I might actually try both methods just to see which one works better.

True about stats global mem access causing the problem. Sounds like a perfect candidate for const memory.
You might even precalculate “scale=1.0f/(stats[0].y-stats[0].x)” and “bias=-stats[0].x/(stats[0].y-stats[0].x)” to perform the operation in a single MAD: “result = scale*input + bias”.

I tried using the constant memory, but that was actually quite slow also. It still suffered the uncoalesced loads like the ‘global’ memory. I declared it with constant device modifiers, and it didn’t seem to perform as hoped.

I tried the single load per block using only the first thread into shared memory, and that worked pretty well. But the best (fastest) solution was actually to bring the result back out to the host via a cudaMemCpy(…DeviceToHost) into a float3 variable, then call the kernel with a value rather than a pointer (7802 clocks vs. 5342 from the profiler). These seems to be because of all divergent branches handling the special case of the first thread, as well as each block’s load being uncoalesced (even though there’s only 8160 loads instead of 8160 * 256). I was quite stunned by this result. I figured the two way trip across the PCI-E bus would be slower than simply accessing device memory. This is running on a slower, lower compute card (1.1), but I’ll try it on a Tesla C1060 to see if the same holds there.

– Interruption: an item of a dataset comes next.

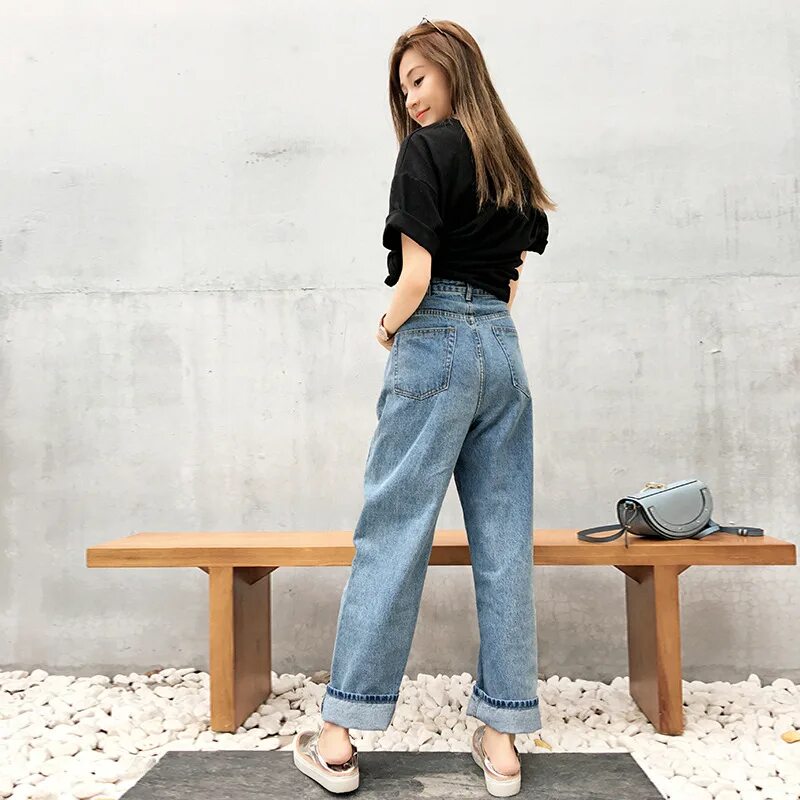 джинсы мом 2022. стройные девушки в джинсах. джинсы boyfriend 2022. девушка в широких джинсах. модные широкие джинсы.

Precalculated the offset and scale as you recommended, and indeed it’s faster, but only about 1%. Not terribly surprising since that operation was done in parallel anyway. I actually thought the GPU might do it faster since I was using the faster intrinsic __fdividef call with reduced precision, but this was not the case.

Thanks for your time and effort Nighthawk, it’s greatly appreciated.